[Rd] portable parallel seeds project: request for critiques

Wed Feb 22 19:17:25 CET 2012

Greetings. Answers below.

On Tue, Feb 21, 2012 at 7:04 AM, Petr Savicky <savicky at cs.cas.cz> wrote:

>
> Hi.
>
> In the description of your project in the file
>
>  http://winstat.quant.ku.edu/svn/hpcexample/trunk/Ex66-ParallelSeedPrototype/README
>
> you argue as follows
>
>  Question: Why is this better than the simple old approach of
>  setting the seeds within each run with a formula like
>
>  set.seed(2345 + 10 * run)
>
>  Answer: That does allow replication, but it does not assure
>  that each run uses non-overlapping random number streams.

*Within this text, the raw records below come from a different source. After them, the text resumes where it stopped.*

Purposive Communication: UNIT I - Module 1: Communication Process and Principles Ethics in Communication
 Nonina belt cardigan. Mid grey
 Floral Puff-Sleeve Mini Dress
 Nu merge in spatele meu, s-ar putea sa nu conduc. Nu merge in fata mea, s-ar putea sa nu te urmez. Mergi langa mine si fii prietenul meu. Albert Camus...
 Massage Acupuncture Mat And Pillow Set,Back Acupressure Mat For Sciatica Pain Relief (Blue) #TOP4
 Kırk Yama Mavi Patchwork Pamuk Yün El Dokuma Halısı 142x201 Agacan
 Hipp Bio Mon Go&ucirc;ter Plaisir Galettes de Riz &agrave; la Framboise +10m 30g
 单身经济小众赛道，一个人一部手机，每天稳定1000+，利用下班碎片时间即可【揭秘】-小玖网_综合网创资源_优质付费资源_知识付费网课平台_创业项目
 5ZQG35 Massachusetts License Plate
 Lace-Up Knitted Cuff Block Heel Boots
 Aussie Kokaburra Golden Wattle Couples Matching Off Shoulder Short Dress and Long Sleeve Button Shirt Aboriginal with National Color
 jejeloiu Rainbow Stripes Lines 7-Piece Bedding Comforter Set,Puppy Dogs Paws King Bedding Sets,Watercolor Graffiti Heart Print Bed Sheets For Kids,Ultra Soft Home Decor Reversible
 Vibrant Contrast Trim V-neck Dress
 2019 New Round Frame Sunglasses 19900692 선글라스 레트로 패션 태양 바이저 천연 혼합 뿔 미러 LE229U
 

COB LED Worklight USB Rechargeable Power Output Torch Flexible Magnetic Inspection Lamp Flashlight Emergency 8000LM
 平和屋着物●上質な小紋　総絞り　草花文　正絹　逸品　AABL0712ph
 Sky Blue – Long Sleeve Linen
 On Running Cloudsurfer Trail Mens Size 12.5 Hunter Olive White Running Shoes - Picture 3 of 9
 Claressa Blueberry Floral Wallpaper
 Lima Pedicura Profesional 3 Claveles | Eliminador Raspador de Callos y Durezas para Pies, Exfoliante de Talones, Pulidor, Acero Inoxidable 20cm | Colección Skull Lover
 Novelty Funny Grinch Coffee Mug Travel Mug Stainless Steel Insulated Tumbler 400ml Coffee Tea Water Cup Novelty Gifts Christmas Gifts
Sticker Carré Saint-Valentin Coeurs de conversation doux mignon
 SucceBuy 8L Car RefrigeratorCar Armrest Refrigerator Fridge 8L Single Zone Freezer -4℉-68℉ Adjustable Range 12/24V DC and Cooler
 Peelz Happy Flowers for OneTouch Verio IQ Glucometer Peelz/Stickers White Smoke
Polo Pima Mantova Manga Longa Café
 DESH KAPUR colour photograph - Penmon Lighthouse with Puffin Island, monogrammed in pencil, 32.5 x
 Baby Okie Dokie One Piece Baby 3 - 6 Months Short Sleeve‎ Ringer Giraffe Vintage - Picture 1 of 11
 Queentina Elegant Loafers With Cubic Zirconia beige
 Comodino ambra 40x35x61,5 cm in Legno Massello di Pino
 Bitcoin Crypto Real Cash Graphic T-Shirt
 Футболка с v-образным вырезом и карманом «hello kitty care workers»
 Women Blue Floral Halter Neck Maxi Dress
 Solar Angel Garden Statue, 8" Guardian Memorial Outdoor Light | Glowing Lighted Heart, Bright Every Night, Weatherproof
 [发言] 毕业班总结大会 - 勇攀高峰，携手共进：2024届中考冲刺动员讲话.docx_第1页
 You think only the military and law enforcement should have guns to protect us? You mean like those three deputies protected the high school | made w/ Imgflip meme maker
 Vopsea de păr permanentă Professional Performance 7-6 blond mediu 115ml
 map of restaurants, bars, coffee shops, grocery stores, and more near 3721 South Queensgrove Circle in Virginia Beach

It
>  offers absolutely no assurance whatsoever that the runs are
>  actually non-redundant.
>
> The following demonstrates that the function set.seed() for
> the default generator indeed allows to have correlated streams.
>
>  step <- function(x)
>  {
>      x[x < 0] <- x[x < 0] + 2^32
>      x <- (69069 * x + 1) %% 2^32
>      x[x > 2^31] <- x[x > 2^31] - 2^32
>      x
>  }
>
>  n <- 1000
>  seed1 <- 124370417 # any seed
>  seed2 <- step(seed1)
>
>  set.seed(seed1)
>  x <- runif(n)
>  set.seed(seed2)
>  y <- runif(n)
>
>  rbind(seed1, seed2)
>  table(x[-1] == y[-n])
>
> The output is
>
>             [,1]
>  seed1 124370417
>  seed2 205739774
>
>  FALSE  TRUE
>      5   994
>
> This means that if the streams x, y are generated from the two
> seeds above, then y is almost exactly equal to x shifted by 1.
>
> What is the current state of your project?
>
> Petr Savicky.

Thanks for the example. That is exactly the point I've been making
about the old, ordinary way of setting seeds.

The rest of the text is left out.